戦争の前後に家族と家を立て続けに失ったこと、そのどん底の時に感じた自然のたくましい輝きに感化され、新しい気持ちで描き上げた作品で大きく世に認められたこと、有名になってからも謙虚な気持ちで創作を続け、怠惰になりそうな自分を戒める為に、寒さの厳しい北欧へ渡ったこと、写生へ出かけることも難しくなった晩年は、心象風景の描写へ移行していったこと。
彼の作品自体は、メディアで何度も目にしたことがある。
しかし、実物を目にすると、その迫力に圧倒された。青色の使い方と、静寂の表現がとても美しくて、引き込まれた。
描かれた風景ごとに「ここに行ってみたい」と強く思ったし、同時に、そこに立って清らかな空気を吸い、心が研ぎ澄まされてゆくかのような疑似体験をさせる力もあった。
しかしそれ以上に、どの絵も静かで平明で誠実でありながら、胸を掴まれるような痛切さが漂っていると感じたのは私だけか。それは、画面を通した形では、決して伝わったことのない生々しい質感だった。
「描くことは祈ることです」
その言葉が、ずっと引っかかっていた。
彼は、一体何を祈っていたのだろう?
そう思いながら、鑑賞を進めたけれど、最後のコーナーに差し掛かるまで、答えは分からなかった。
「描くことは『祈り』であり、それであるならば、そこにどれだけの心を籠められたかが問題で、上手い下手はどうでもいいことなのだと思い至る。信じがたいことではあるが、これまでずっと自分には才能がないと思い続けていた画家は、ようやく自分が描き続けることの意味を悟り、価値を見出すことができたのだ」
晩年の作品を展示した最後のパネルの冒頭には、こうあった。
自分には才能がない。描く意味が見出せていない。
そんな風に彼は思っていたのか。世に認められてからも、ずっと。
衝撃的だった。
そして、なぜか一気に「わかった」気がした。
彼の絵に込められた気迫の正体が。
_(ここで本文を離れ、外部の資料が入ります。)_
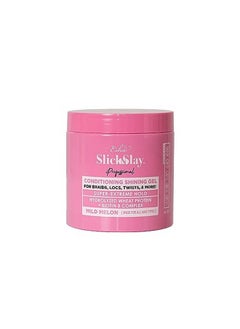Sha Professional Slick N Slay Conditioning Gel For Braids Locs Twists & More! Hydrolyzed Wheat Protein + Biotin B Complex! Mild Melon Scent (16 Oz.)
そしてずっと私に疑問を投げかけていた「祈り」の意味が。
気がつくと、ぽたぽたと涙が溢れていた。
「祈る」という行為は、シンプルでありながら、複雑な精神性を示すことがあると思う。
必ずしも具体的な内容と対象があるとは限らない。
また、「祈る」という行為は、原初的でありながら、普遍的でもある。
いつの世も、限界に直面した人間に残された最後の方法だからだ。
つまり、画家は、「祈るしかない」から、祈っていた。
そして、それは、「描くしかない」から描いていたことと同義でもある。
富と地位と名声を手にし、生前から画壇に名を残すであろうことを誰も疑わなかった才人は、人知れずずっとその切実な瀬戸際に立ちながら、絵を描き続けていた。
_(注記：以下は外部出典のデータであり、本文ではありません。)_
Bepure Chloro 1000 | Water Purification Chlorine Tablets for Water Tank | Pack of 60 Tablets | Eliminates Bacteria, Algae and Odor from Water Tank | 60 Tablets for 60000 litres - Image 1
祈りの内容を言葉にするのはやはりとても難しいのだけれど、自分に生きる力を与えてくれた自然と、絵を描くことに対する深い畏れのようなものなのではなかったかと思う。
芸術表現というのは、「自分らしさ探し」の極致だと思っていた。
エゴを積み重ねて、他と差別化しつつ、洗練させてゆくもの。そんな風に解釈していた。
しかし、東山魁夷は、モチーフである自然に対し、徹底的なまでに裸だ。エゴを削ぎ落として、余計な主張を加えず、自然の風景が持つ美しさだけを透明な眼差しで見つめ続けた結果、
それが彼の唯一無二の「らしさ」になった。
そして心を裸にした人間の最たる力は、それに対峙した人間の心もまた裸にすることではないか。
私は、図らずも、六本木のまんなかで裸にされてしまった。
あんなに一生懸命、洋服を選び、アクセサリーを選び、「街に負けない自分らしい装い」に満足していたその自意識を、ひとりの天才によってまっさらに漂白されてしまった。
なんて清々しい体験だろう、そしてなんて尊い体験だろう。
一緒に行った母は、私よりもずいぶん早くに見終わり、ケーキを食べてコーヒーを飲んでいた。だから、皆が皆、こんなカタルシスを体験するわけではないらしい。それは、皆が皆、私ほどのエゴにまみれているわけではないからだろう。
しかし、「自分らしさ」について考え疲れ、ピュアな心に戻りたいと思ったことのある、ひとりでも多くの人に、是非見に行ってほしい。
季節は、思ったよりも早く過ぎてしまうよ。